As soon as you charge and accept money in exchange for a service, you have a responsibility to provide that service. Not doing so is a dick move.
Such a simple concept yet some don't get it because they thing their discussion is more important than a humans word.
Ah, the old standby "breaching a contract is bad". But there is a whole line of economic reasoning - revolving around economic utility - that we WANT parties to breach when it makes economic sense to do so. Since the fundamental remedy for a breach of contract is "putting the parties in the same position they would have been had the contract been performed", we WANT parties to breach if the effort - the "utility" of performing the contract - far exceeds the utility of putting the party in the position they would have been. We have a value for the tickets; it's the purchase price. If certain members of the audience have extraordinary values placed on the concert, that's not something that, from a utilitarian perspective - we want the Eric Church's of the world worrying about. It's economically wasteful.
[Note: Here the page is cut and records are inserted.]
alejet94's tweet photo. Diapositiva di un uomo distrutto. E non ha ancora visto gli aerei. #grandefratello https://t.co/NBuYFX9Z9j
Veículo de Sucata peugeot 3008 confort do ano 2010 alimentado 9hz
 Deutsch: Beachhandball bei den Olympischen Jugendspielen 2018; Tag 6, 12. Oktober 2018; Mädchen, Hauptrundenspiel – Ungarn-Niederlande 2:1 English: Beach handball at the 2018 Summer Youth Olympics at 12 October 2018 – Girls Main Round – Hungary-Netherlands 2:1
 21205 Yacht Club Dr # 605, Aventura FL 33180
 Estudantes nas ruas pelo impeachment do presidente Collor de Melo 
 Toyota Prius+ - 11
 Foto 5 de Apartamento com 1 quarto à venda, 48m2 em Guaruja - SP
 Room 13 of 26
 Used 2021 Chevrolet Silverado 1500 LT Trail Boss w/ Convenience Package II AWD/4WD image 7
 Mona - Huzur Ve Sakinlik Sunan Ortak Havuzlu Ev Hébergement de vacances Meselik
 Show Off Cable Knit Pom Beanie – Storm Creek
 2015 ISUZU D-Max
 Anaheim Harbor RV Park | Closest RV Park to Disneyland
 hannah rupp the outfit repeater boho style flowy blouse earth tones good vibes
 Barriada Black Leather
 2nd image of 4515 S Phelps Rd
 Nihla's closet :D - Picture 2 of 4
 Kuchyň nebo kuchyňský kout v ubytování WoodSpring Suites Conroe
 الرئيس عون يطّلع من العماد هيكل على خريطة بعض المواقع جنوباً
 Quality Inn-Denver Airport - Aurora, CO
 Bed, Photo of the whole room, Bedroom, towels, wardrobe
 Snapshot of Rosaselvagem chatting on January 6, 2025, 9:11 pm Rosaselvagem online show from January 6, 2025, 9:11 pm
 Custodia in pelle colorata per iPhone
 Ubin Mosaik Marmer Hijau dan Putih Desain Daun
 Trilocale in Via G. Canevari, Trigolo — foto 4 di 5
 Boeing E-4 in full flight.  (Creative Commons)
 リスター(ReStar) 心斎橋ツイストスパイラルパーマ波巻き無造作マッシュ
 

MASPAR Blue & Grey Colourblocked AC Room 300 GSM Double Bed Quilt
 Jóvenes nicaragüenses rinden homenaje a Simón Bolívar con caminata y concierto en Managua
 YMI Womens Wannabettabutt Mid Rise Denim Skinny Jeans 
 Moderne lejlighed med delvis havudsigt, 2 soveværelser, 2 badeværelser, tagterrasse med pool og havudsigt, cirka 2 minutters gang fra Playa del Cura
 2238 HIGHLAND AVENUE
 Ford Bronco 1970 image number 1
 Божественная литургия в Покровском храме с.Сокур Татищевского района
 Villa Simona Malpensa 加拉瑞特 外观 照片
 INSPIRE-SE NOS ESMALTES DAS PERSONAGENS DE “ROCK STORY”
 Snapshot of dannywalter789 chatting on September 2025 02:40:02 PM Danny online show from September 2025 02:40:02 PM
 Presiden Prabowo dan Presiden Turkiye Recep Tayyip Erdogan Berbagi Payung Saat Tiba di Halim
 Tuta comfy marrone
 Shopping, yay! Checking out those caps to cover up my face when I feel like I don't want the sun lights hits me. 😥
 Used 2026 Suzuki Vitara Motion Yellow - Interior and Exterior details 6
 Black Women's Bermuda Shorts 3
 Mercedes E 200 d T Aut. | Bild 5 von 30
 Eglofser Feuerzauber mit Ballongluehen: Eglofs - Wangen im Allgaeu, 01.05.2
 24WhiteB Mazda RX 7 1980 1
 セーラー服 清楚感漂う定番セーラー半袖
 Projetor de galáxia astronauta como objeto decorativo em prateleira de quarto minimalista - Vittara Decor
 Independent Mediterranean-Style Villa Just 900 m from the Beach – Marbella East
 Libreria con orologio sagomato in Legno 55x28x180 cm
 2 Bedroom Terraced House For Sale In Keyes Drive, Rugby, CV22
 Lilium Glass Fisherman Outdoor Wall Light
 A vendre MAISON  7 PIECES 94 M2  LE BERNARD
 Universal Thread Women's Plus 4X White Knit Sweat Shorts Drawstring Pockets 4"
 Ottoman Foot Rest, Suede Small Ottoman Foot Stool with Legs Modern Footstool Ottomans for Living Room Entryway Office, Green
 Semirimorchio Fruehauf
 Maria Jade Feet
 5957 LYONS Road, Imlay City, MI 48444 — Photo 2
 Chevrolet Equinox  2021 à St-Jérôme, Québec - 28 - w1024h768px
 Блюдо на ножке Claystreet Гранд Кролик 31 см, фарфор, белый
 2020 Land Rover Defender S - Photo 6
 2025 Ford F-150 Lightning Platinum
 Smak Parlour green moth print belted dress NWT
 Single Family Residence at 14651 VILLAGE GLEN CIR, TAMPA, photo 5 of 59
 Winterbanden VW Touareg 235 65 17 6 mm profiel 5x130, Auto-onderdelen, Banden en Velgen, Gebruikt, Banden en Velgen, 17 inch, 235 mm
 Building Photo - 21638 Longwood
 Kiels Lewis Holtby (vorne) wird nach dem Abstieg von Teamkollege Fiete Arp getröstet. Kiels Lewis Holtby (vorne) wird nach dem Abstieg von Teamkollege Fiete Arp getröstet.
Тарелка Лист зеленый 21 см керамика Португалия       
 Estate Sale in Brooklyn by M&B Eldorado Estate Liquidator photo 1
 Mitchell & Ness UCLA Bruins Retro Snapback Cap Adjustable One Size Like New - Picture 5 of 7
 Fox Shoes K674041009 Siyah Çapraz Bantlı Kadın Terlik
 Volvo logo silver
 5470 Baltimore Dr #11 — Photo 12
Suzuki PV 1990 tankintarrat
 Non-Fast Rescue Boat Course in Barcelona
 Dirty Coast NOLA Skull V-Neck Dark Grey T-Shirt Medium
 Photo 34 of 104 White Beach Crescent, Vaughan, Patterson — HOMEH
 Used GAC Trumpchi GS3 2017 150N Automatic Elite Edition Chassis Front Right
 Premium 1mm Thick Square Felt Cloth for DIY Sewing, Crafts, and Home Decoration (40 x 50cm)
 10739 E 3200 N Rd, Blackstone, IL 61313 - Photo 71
So, XJ is wrong; if you charge and accept money for a service, you have to provide something in kind that is of equal value for that service. The intangible "worth" of the experience is meaningless in this discussion. He refunded the ticket prices; he has fulfilled his end of the bargain. The people attending that concert were put in the position they would have been in had the concert been performed.
Now, we can debate the moral side of this, but morals are a subjective thing, and while I disagree with Ben, some of the responses I feel are being overly harsh. He's entitled to his view on this (a view that I empathize with, even if I don't hold it myself).